__YOUR INSTRUCTIONS__.
Return the lines of the data below exactly. Start at the first and end with the line containing "Blue Turquoise Crystal".

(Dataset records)
╭──

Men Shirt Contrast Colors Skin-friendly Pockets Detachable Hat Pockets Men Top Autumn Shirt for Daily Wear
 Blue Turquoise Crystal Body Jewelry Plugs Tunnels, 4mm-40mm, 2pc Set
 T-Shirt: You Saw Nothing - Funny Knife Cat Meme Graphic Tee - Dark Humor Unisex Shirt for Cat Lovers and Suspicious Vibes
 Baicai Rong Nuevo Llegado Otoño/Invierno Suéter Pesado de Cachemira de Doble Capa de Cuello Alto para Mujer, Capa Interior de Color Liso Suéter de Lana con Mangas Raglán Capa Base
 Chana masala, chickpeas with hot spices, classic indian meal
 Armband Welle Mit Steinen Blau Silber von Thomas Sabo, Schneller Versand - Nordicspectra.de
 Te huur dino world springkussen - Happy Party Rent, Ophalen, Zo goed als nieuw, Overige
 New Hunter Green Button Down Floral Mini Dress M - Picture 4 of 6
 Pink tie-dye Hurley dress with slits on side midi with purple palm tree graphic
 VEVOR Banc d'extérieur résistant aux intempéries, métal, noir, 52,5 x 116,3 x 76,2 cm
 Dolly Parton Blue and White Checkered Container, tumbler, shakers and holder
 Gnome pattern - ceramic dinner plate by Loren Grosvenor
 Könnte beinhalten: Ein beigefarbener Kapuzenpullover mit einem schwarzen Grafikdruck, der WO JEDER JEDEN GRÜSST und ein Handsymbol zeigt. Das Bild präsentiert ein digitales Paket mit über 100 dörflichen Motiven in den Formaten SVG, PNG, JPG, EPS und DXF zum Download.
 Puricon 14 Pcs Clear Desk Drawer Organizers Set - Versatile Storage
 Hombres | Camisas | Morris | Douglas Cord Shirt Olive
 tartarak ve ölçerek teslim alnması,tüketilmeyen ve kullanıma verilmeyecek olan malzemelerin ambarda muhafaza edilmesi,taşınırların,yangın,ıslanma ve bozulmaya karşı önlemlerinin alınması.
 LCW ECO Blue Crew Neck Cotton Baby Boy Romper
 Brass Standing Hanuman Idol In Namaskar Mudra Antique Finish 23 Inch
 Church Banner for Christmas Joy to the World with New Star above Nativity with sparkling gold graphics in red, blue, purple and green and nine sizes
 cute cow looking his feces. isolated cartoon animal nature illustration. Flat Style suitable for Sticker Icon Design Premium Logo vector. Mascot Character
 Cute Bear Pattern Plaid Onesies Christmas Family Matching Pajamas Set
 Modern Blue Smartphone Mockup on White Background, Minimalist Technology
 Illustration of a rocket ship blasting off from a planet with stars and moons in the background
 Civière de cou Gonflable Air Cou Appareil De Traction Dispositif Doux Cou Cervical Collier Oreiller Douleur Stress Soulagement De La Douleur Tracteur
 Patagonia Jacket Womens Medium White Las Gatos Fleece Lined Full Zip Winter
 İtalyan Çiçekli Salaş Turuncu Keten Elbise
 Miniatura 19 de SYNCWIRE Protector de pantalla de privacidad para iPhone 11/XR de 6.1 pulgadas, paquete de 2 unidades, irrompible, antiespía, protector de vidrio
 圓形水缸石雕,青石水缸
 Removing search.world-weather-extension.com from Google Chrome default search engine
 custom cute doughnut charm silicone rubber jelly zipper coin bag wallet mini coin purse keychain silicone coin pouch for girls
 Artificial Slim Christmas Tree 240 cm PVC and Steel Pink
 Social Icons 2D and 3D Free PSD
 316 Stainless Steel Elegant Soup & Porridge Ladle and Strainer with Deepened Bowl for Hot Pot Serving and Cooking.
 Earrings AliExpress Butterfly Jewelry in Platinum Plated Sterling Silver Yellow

╰──

__RESULT OF THIS EXERCISE__.
Men Shirt Contrast Colors Skin-friendly Pockets Detachable Hat Pockets Men Top Autumn Shirt for Daily Wear
 Blue Turquoise Crystal Body Jewelry Plugs Tunnels, 4mm-40mm, 2pc Set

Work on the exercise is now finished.